DATASET EXCERPTS >>
Segment Open
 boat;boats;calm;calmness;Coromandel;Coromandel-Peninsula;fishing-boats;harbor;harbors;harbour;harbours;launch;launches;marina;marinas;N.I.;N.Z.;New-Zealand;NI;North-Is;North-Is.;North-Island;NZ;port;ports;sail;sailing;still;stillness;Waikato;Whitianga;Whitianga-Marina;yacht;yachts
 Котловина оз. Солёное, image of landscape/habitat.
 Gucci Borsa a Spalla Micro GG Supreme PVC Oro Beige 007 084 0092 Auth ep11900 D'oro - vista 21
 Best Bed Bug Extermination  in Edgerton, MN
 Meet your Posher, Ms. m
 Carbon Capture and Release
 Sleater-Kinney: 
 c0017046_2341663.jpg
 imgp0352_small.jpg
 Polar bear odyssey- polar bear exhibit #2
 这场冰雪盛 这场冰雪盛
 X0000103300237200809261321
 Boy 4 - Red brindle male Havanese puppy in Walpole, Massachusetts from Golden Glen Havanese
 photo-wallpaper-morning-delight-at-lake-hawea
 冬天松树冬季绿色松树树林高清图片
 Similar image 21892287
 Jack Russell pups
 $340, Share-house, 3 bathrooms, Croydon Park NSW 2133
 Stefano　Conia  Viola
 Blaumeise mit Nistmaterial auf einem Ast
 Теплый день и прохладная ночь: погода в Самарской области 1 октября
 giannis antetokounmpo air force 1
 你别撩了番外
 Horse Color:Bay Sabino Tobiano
Segment Closed
WORK INSTRUCTIONS >>
Would you copy out every line in the records that includes the string "image"?

OUTPUT BELOW >>
 Котловина оз. Солёное, image of landscape/habitat.
 Similar image 21892287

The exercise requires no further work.